- **Task description**: Set down all of the data exactly. Pictures stay out of the copy.

━━ Data listing ━━

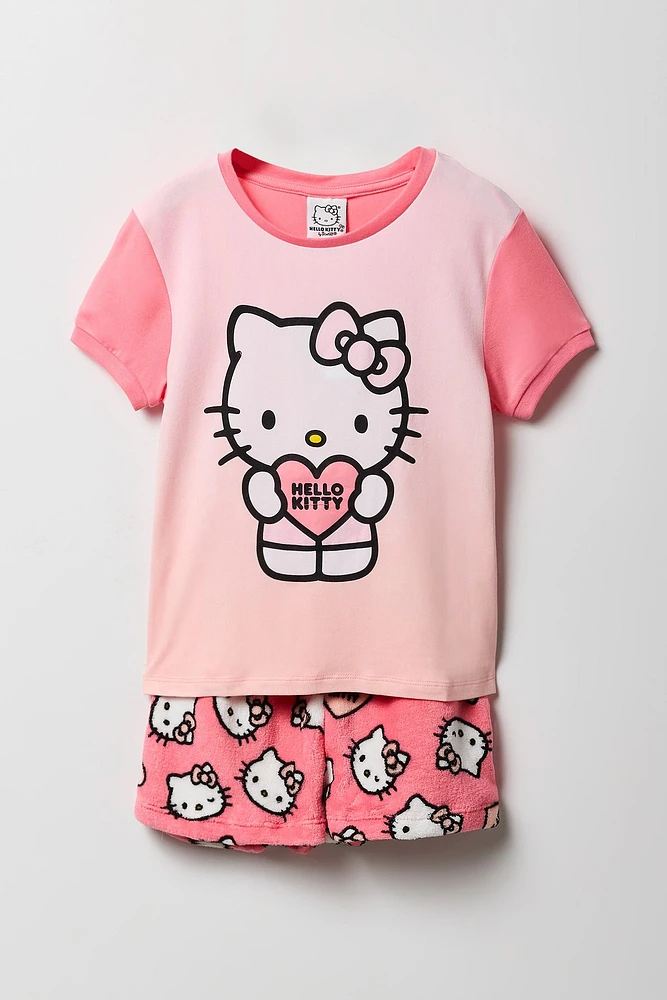 Girls Hello Kitty T-Shirt & Short 2 Piece Pajama Set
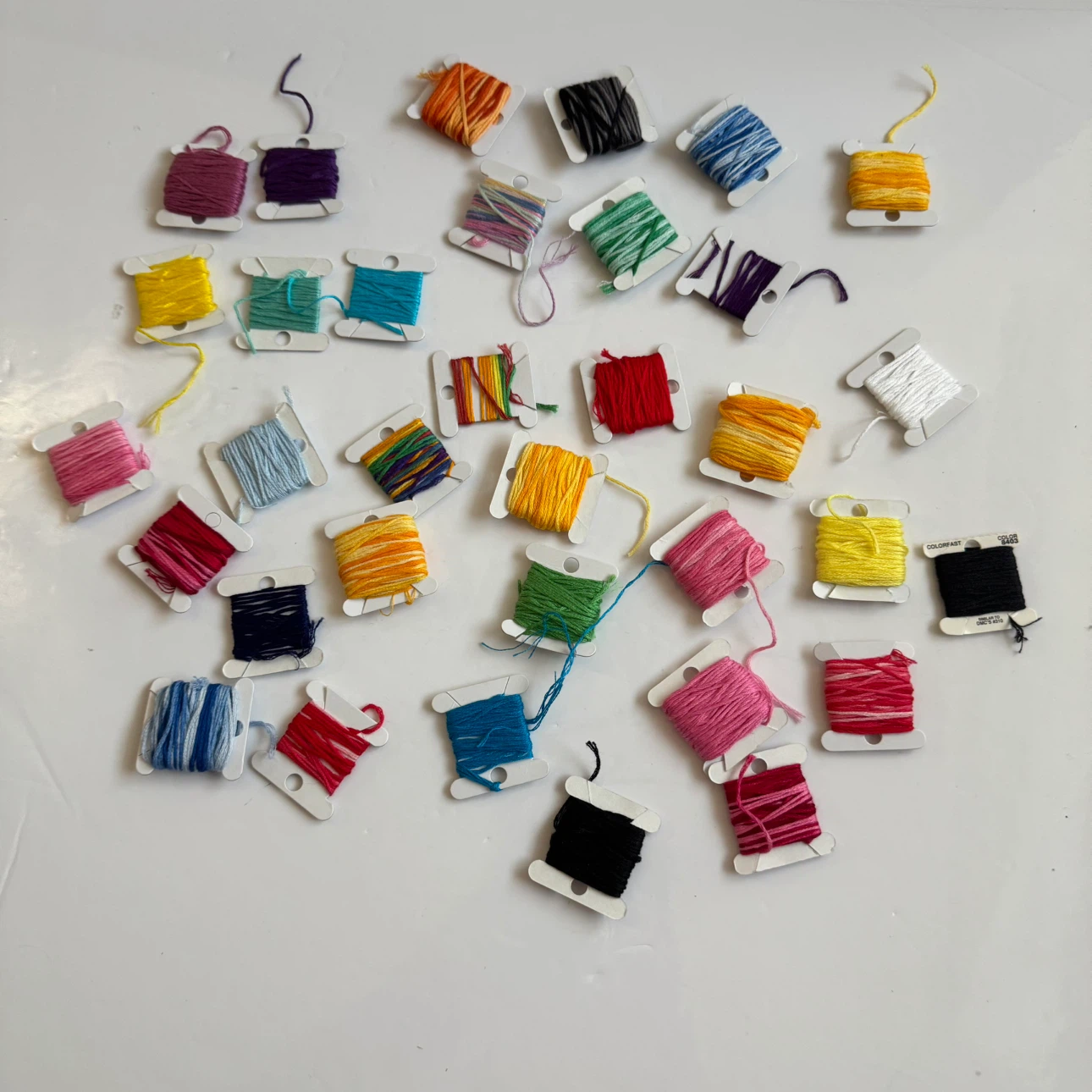 34 Assorted Embroidery Floss Thread Spools USED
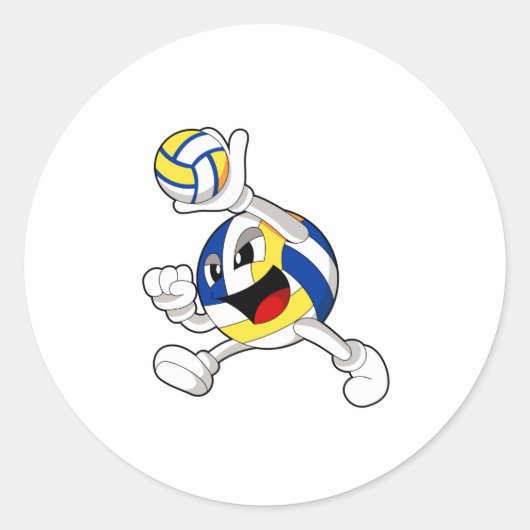 Volleybalspeler met volleybal ronde sticker (Voorkant)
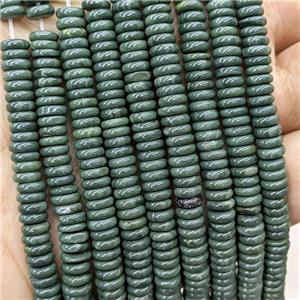 Green Wood Lace Jasper Beads Heishi, approx 6mm [GB20444]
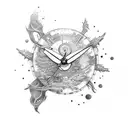 timer with 9 & 25 tattoo design idea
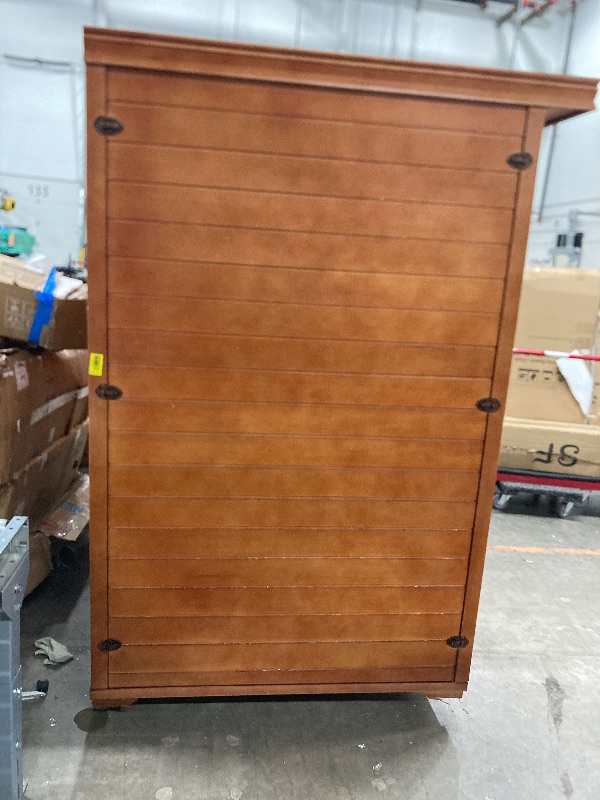 Photo 1 of **Need  to buy an adapter, please see the photos, RESTISLAND 4 Person Far Infrared Sauna Indoor, Low EMF Wooden Sauna at Home with Bluetooth, Therapy Light, LCD Panel. ITS NOT PERMITTED TO RETOUR, NOT REFUNDED.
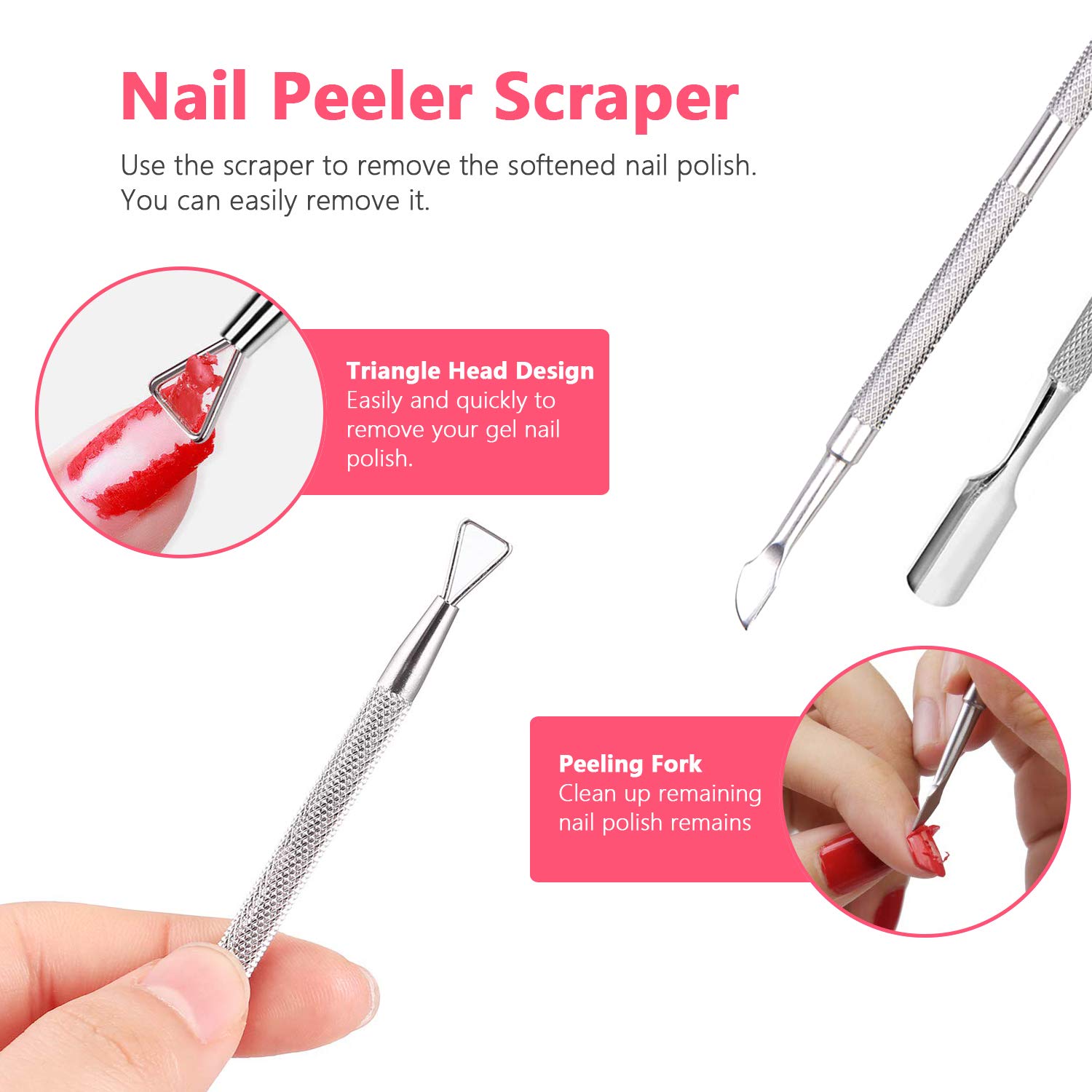 Nail Polish Remover Tool Kit - Triangle Cuticle Peeler Scraper, Cuticle Pusher, Cuticle Nipper, Cuticle Clippers, Nail Polish Remover Clips, Double Sided Nail Buffer Files, Buffer Block Grits: Beauty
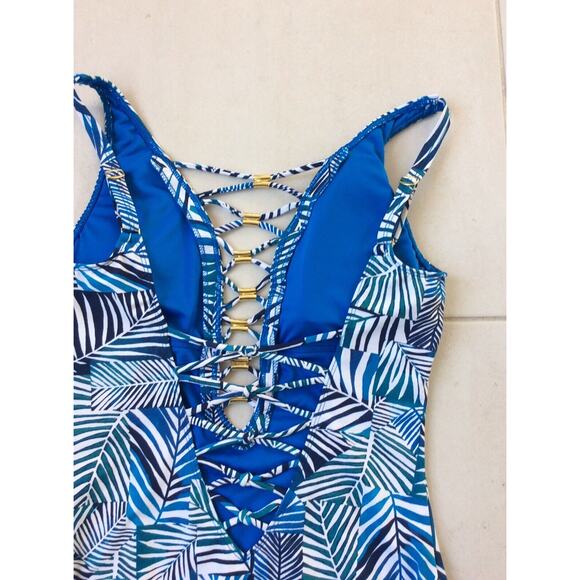 Bleu Rod Beattie Swim One Piece Swimsuit Lace Up Swimwear - Picture 6 of 9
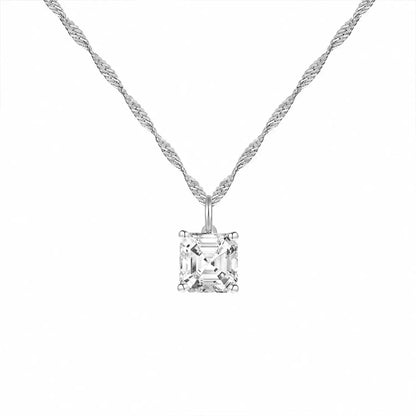 14K Lab Grown Asscher Solitaire Pendant F-G VS1-VS2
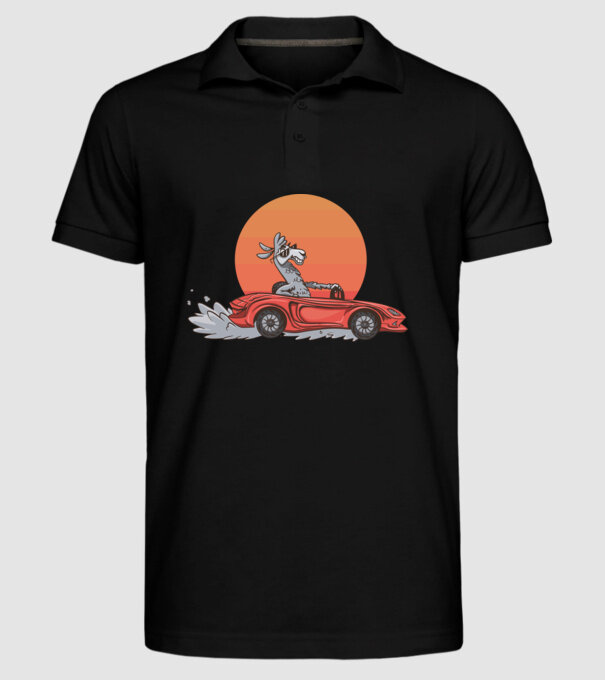 Mașină Retro Llama model negru pe tricou
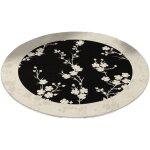 Tapis rond lavable de 2, 6 pieds pour salon, noir et blanc, antidrapant, pour salle  manger, grand ...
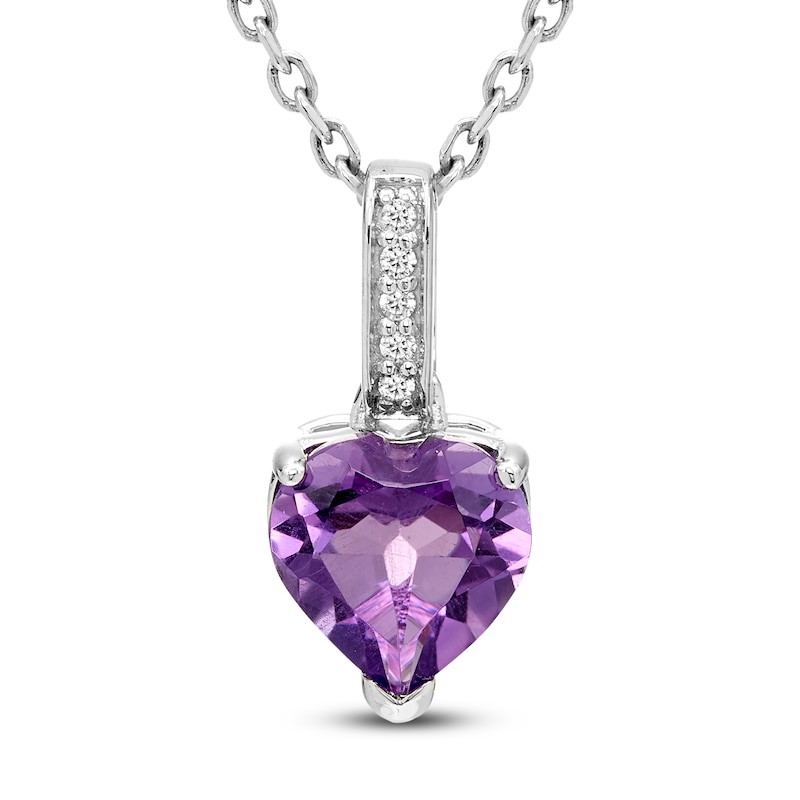 Main Image 1 of Heart-Shaped Natural Amethyst & Diamond Accent Drop Necklace Sterling Silver 18"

━━━

- **Solution to this task**:
 Girls Hello Kitty T-Shirt & Short 2 Piece Pajama Set
 34 Assorted Embroidery Floss Thread Spools USED
 Volleybalspeler met volleybal ronde sticker (Voorkant)
 Green Wood Lace Jasper Beads Heishi, approx 6mm [GB20444]
 timer with 9 & 25 tattoo design idea
 Photo 1 of **Need  to buy an adapter, please see the photos, RESTISLAND 4 Person Far Infrared Sauna Indoor, Low EMF Wooden Sauna at Home with Bluetooth, Therapy Light, LCD Panel. ITS NOT PERMITTED TO RETOUR, NOT REFUNDED.
 Nail Polish Remover Tool Kit - Triangle Cuticle Peeler Scraper, Cuticle Pusher, Cuticle Nipper, Cuticle Clippers, Nail Polish Remover Clips, Double Sided Nail Buffer Files, Buffer Block Grits: Beauty
 Bleu Rod Beattie Swim One Piece Swimsuit Lace Up Swimwear - Picture 6 of 9
 14K Lab Grown Asscher Solitaire Pendant F-G VS1-VS2
 Mașină Retro Llama model negru pe tricou
 Tapis rond lavable de 2, 6 pieds pour salon, noir et blanc, antidrapant, pour salle  manger, grand ...
 Main Image 1 of Heart-Shaped Natural Amethyst & Diamond Accent Drop Necklace Sterling Silver 18"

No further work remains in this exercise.